# **Импорт библиотек**



In [None]:
import spacy
nlp = spacy.load("en_core_web_sm")

In [None]:
from spacy.tokenizer import Tokenizer
from spacy.util import compile_infix_regex
import re

In [None]:
import re
from transformers import BertTokenizer, BertModel
import torch
from sklearn.decomposition import PCA

In [None]:
from sklearn.decomposition import TruncatedSVD

import torch
from transformers import BertTokenizer, BertModel

tokenizer = BertTokenizer.from_pretrained('bert-base-uncased')
model = BertModel.from_pretrained('bert-base-uncased', output_hidden_states=True)

In [None]:
import networkx as nx

In [None]:
import matplotlib.pyplot as plt

In [None]:
import numpy as np
from sklearn.metrics.pairwise import cosine_similarity

# **Инициализация функций**

In [None]:
# лемматизация
def lemma(word):
    doc = nlp(word)

    l = doc[0].lemma_
    return l

In [None]:
# удаление одиночных вершин
def remove_isolated_nodes(graph):
    isolated_nodes = [node for node in graph.nodes() if graph.degree(node) == 0]
    graph.remove_nodes_from(isolated_nodes)

In [None]:
# поиск нужного эмбеддинга
def find_embedding(word, bert_text):
    for elem in bert_text:
      if elem[0] == word:
        return elem[1]

    return None

In [None]:
# получение bert-эмбеддинга для каждого предложения
def get_bert_vectors(text):

  marked_text = "[CLS] " + text + " [SEP]"
  tokenized_text = tokenizer.tokenize(marked_text)
  indexed_tokens = tokenizer.convert_tokens_to_ids(tokenized_text)
  segments_ids = [1] * len(tokenized_text)
  tokens_tensor = torch.tensor([indexed_tokens])
  segments_tensors = torch.tensor([segments_ids])

  with torch.no_grad():
      outputs = model(tokens_tensor, segments_tensors)
      hidden_states = outputs[2]

  token_embeddings = torch.stack(hidden_states, dim=0)
  token_embeddings = torch.squeeze(token_embeddings, dim=1)
  token_embeddings = token_embeddings.permute(1, 0, 2)

  token_vecs_sum = []

  for token in token_embeddings:
      sum_vec = torch.sum(token[-4:], dim=0)
      token_vecs_sum.append(sum_vec)

  word_vectors = []
  current_word = ""
  current_vector = None

  for i, token_str in enumerate(tokenized_text):
      if token_str.startswith("##"):
          if current_vector is None:
              current_vector = token_vecs_sum[i]
              current_word = token_str
          else:
              current_vector += token_vecs_sum[i]
              current_word += token_str[2:]
      else:
          if current_vector is not None:
              word_vectors.append((current_word, current_vector.numpy()))
          current_word = token_str
          current_vector = token_vecs_sum[i]
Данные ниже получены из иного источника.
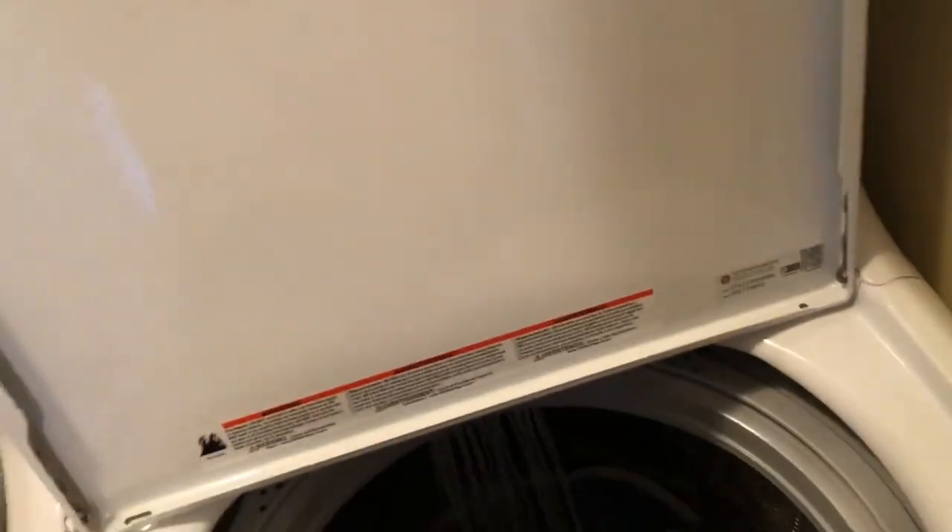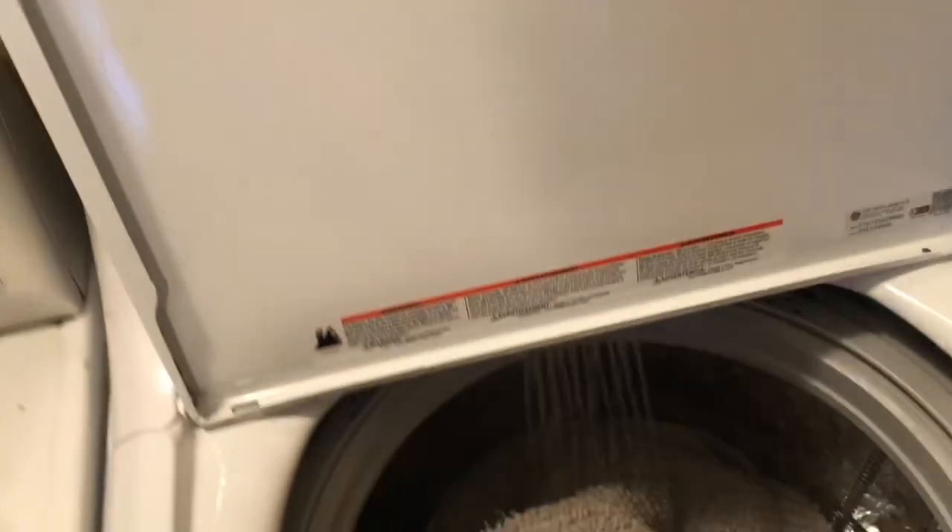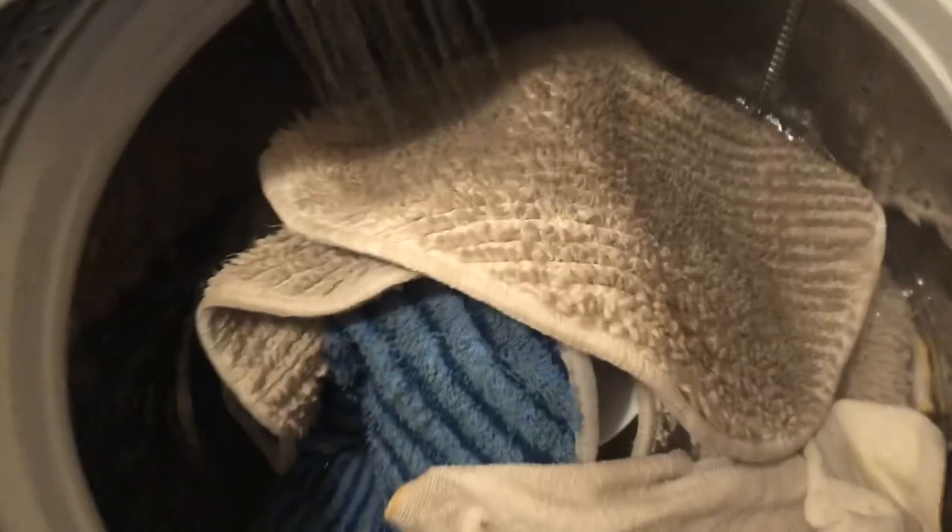Got some dirty ones, guys. Dirty jobs. Throw them all in there. Look how dirty that one was. Make sure to get that one in the water, soaking for a little bit.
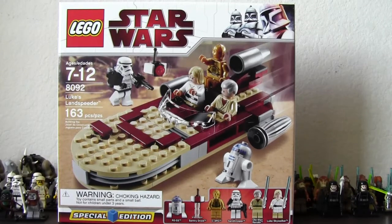Hey guys, today we're going to take a look at Luke Skywalker's Landspeeder. It is Lego Star Wars set number 8092. It has a total of 163 pieces. It comes with 6 minifigures — 3 human minifigures and 3 droid minifigures.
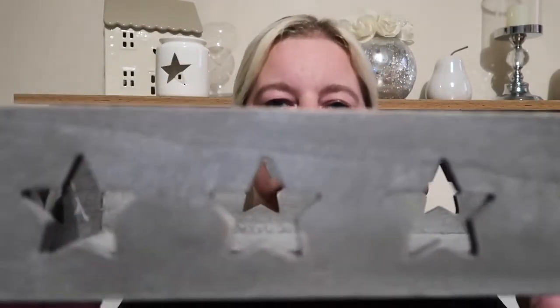I picked up this decorative tray for my daughter's bedroom and that was £1.99.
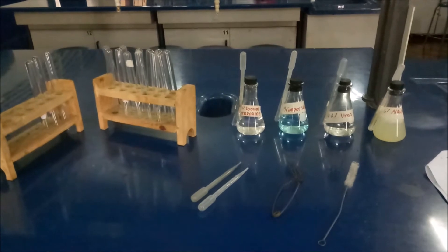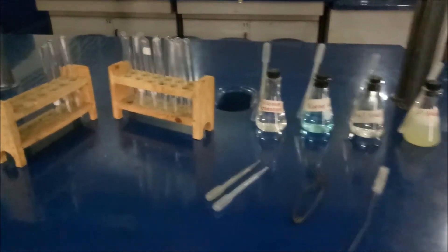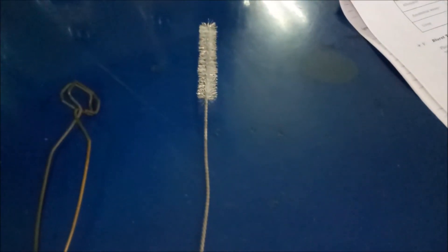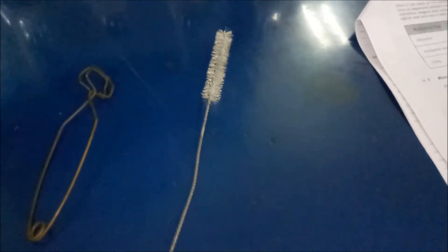So for the materials that we need for the biuret test are: test tubes and test tube rack, droppers, test tube holder, and test tube brush for cleaning the test tube.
  if current_vector is not None:
      word_vectors.append((current_word, current_vector.numpy()))

  return word_vectors[1:-1]

In [None]:
# создание графа униграмм
def create_dependency_graph(sentence):
    doc = nlp(sentence)

    G = nx.DiGraph()
    verb_noun_dict = {}
    embeddings = {}

    for sent in doc.sents:
      embs = get_bert_vectors(sent.text)

      for token in sent:
          if token.pos_ == 'VERB':
              verb = (token.text, token.i)
              if verb not in verb_noun_dict:
                  verb_noun_dict[verb] = set()

              for child in token.children:
                  if child.pos_ == 'NOUN' and child.text.isalpha():
                      noun = (child.text, child.i)
                      embeddings[noun] = find_embedding(noun[0], embs)
                      verb_noun_dict[verb].add(noun)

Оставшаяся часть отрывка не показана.